Segment Start: Data section

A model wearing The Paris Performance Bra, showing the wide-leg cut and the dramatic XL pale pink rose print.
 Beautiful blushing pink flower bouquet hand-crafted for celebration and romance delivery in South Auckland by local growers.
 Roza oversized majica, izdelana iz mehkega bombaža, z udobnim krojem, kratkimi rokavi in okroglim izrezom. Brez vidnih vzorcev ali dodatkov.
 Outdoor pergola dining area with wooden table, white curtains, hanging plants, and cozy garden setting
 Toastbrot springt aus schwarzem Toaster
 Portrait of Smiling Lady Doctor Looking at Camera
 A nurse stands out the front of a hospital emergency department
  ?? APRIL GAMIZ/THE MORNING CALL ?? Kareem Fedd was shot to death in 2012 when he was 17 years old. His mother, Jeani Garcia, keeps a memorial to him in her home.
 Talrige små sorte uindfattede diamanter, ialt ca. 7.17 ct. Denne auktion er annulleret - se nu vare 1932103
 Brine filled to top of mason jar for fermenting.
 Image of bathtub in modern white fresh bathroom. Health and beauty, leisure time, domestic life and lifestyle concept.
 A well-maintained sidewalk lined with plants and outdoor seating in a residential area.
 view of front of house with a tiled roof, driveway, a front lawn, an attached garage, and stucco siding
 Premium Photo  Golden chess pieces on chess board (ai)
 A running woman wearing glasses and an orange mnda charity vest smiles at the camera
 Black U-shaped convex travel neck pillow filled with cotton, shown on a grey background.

Segment End: Data section

*Exercise*
From the data above, report how many lines include the string "filled". The number alone will do.

*Your response*
2